Aussi, si cette série rappelle un intérêt esthétique du XXe siècle, elle ne renie pas pour autant l’héritage d’une histoire de l’art beaucoup plus vaste. Composées de papier, ces œuvres sont réalisées à partir de pages de magazines consacrés aux beaux-arts et, au gré des déchirures, certains détails demeurent reconnaissables, laissant parfois apparaître des motifs emblématiques de la grande histoire de l’art. Véritables images-dans-l’image, ces œuvres interrogent : faut-il y voir une position particulière de l’artiste vis-à-vis de l’art et des expositions ? Insère-t-il son art dans la continuité d’une histoire spécifique ? N’existerait-il pas un rapport profond et intriqué entre la reproduction d’un art tenu comme noble et une pratique artistique plus artisanale ?
Subversion du sens
Il existe, entre ce que nous voyons et ce que l’artiste représente, une nuance importante. Il arrive qu’entre ce que nous croyons voir ou comprendre et ce que l’artiste a voulu montrer, notre regard se trompe. Ainsi, ne faut-il pas se méprendre, dans sa série des Palmiers de Cotignac, à rebours des attentes et avec une ironie provocatrice, Avril ne représente pas autre chose que les fameux palmiers de Cotignac. Le titre est à comprendre au sens propre, nous dit-il avec malice. Ce jeu sur le sens et l’image inscrit alors Avril dans la lignée des surréalistes, qui, tout en héritant d’une liberté picturale propre à leur mouvement, se plaisent à explorer les détournements de la signification.
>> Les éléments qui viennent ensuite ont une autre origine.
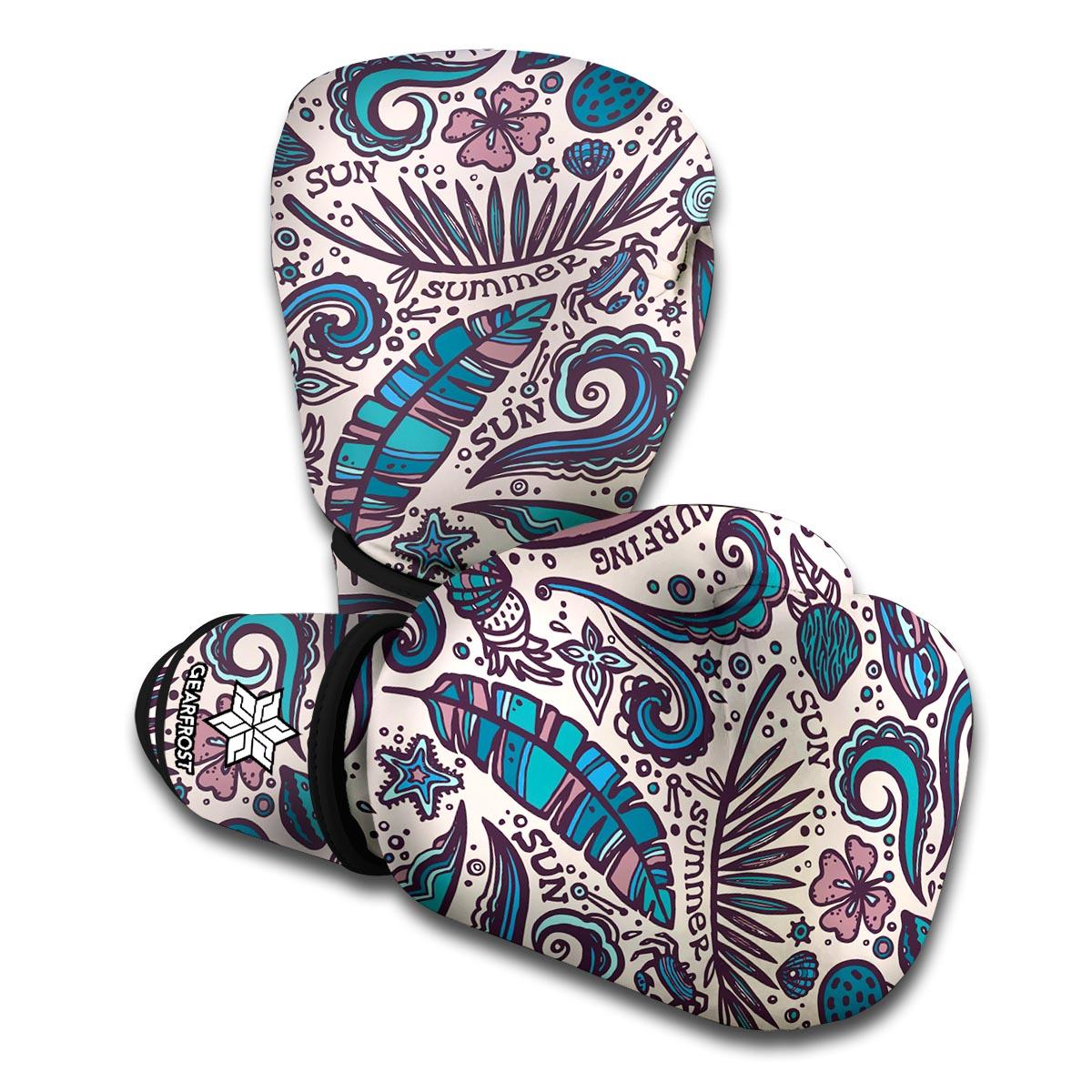 Summer Surfing Pattern Print Boxing Gloves
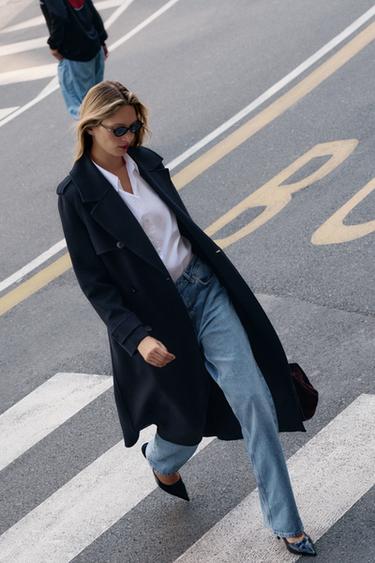 ÁO SƠ MI VẢI POPLIN CÀI KHUY - Màu trắng từ Zara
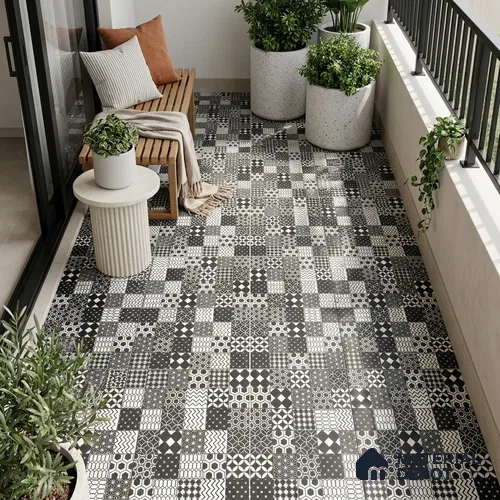 Moroccan Floor & Wall Tile TL 08342 Moroccon 16 2 ft x 2 ft Matte Finish Vitrified Tile - 9 mm | 3 Random Design | Suitable For Kitchen Backsplash, Balcony, Dining Area | Please Expect a Slight Variation of Pattern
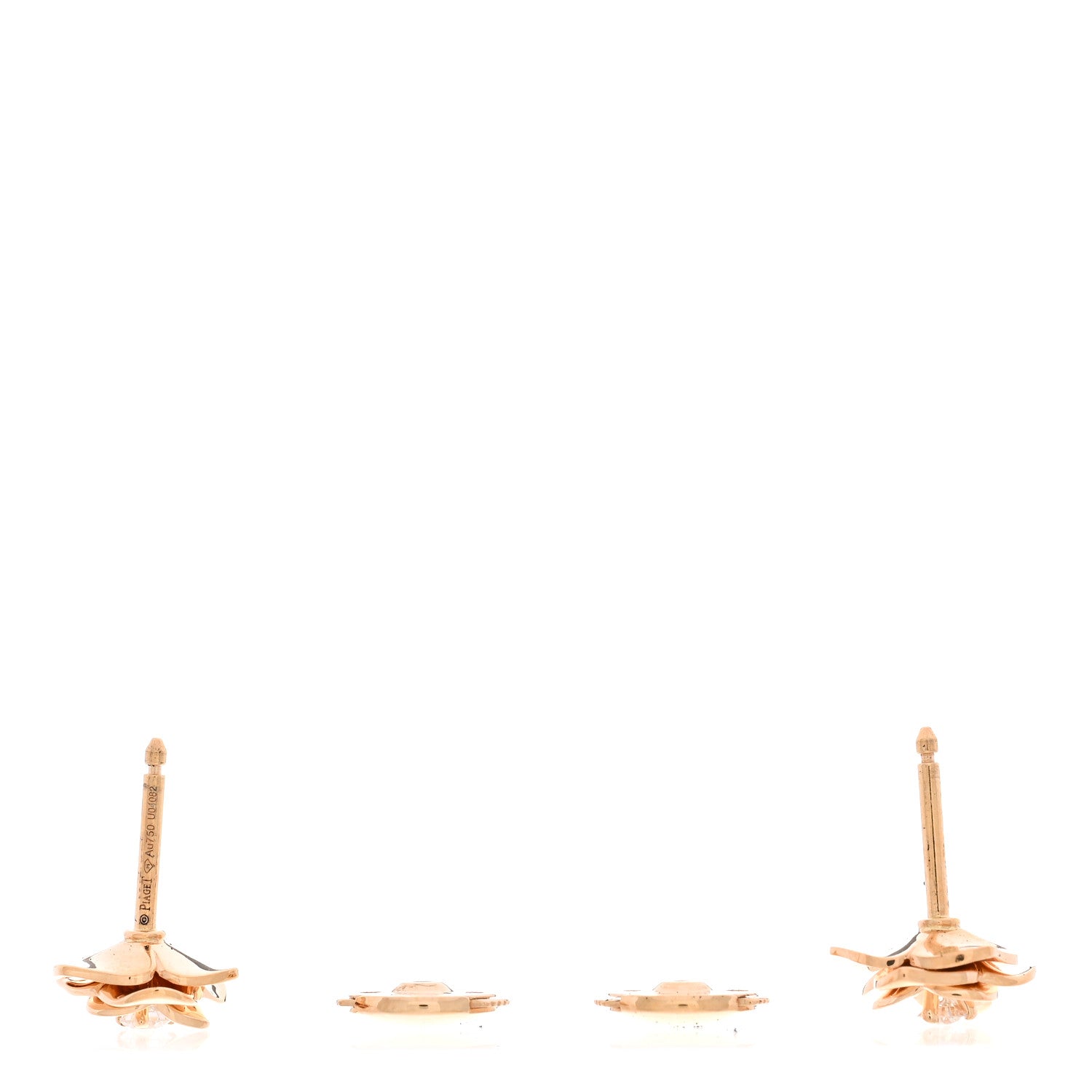 Piaget 18K Rose Gold Diamond Rose Earrings 3 of 5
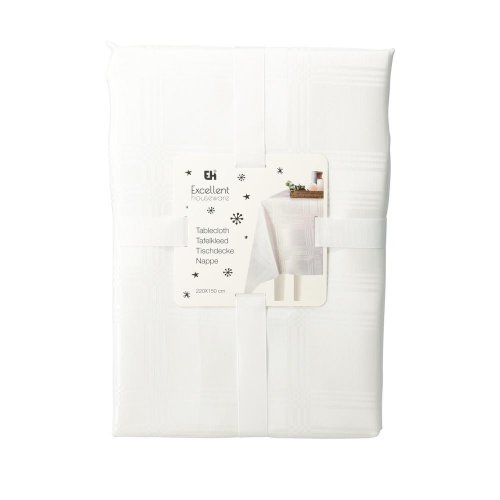 Obrus damašek biely 100%polyest. 220x150cm cy2601870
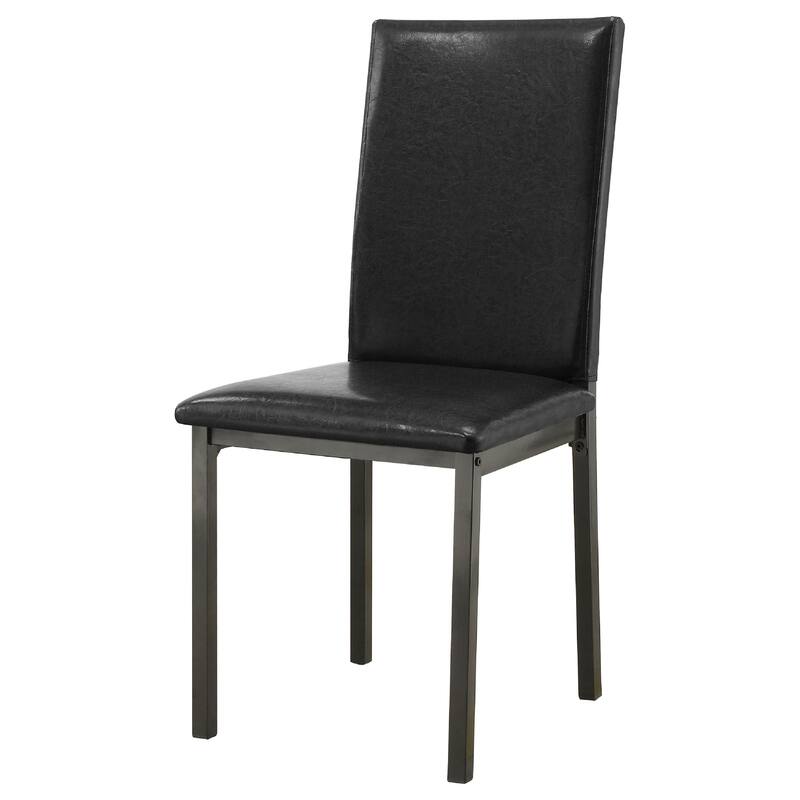 Raza 5pc Dining Set, Weathered Gray Table, 4 Black Faux Leather Chairs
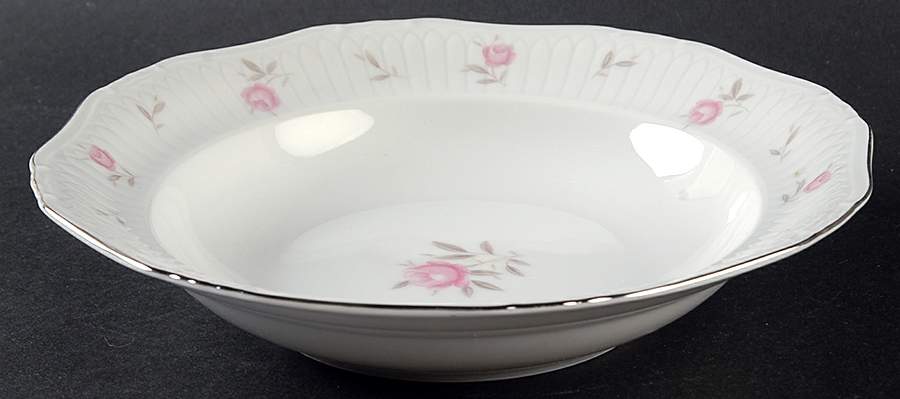 La Fleur Pink Rim Soup Bowl by Mikasa-1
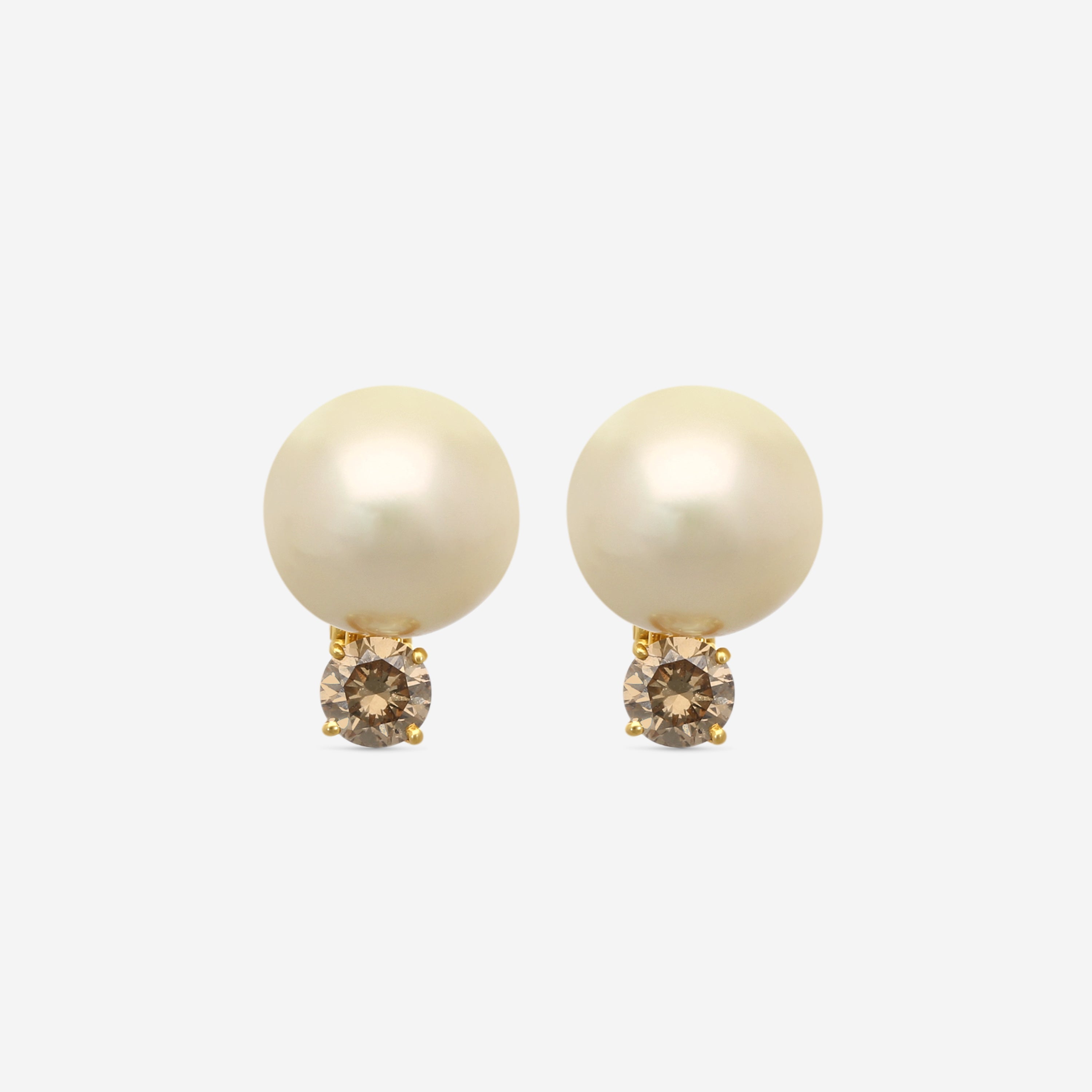 Assael 18K Yellow Gold Diamond & Golden South Sea Cultured Pearl Earrings E5480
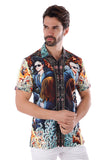 Barabas Wholesale Men's Comic Science Fiction Printed Short Sleeve Shirts 4sst36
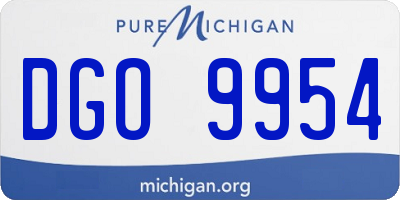 MI license plate DGO9954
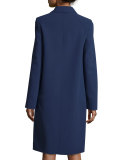 Long-Sleeve Button-Front Reefer Coat, Indigo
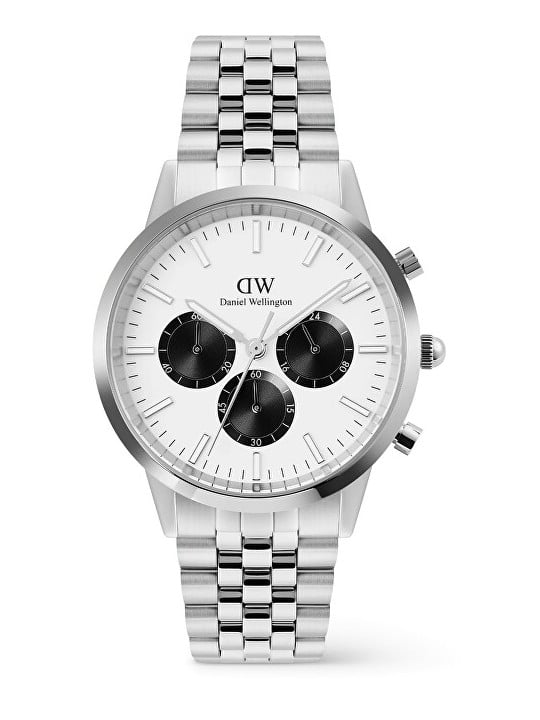 Daniel Wellington Iconic 42 Chronograph Arch 5-Link Off-White Panda Silver DW00100872 unisex
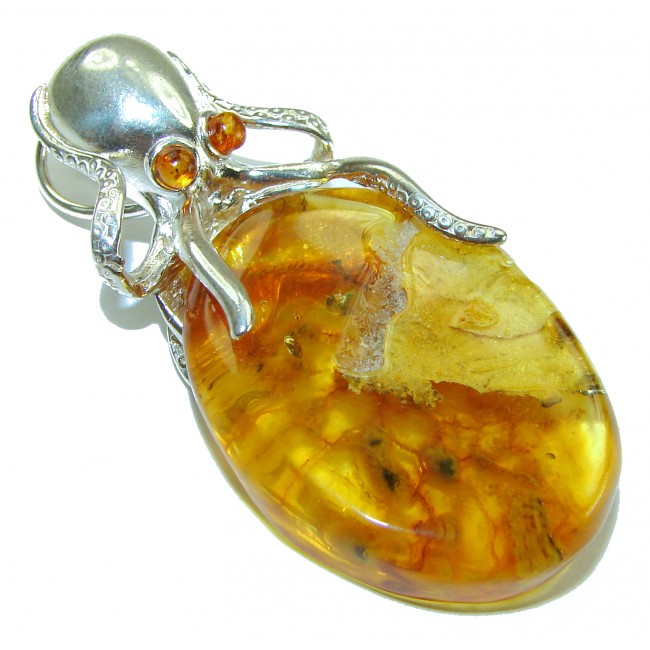 Large Octopus Baltic Amber .925 Sterling Silver handmade Pendant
Comme Magritte qui donnait comme titre à l’un de ses tableaux célèbres Ceci n’est pas une pipe, Avril nous dit en filigrane, « ceci n’est pas une bite ». Entre ironie du sens et renversement du regard, l’artiste s’amuse ; car s’est bien là, l’essence même de son art : « quand j’ai du plaisir, je m’arrête plus » confie-t-il, tout en nuançant aussitôt : « si je m’emmerde, faut que j’arrête ».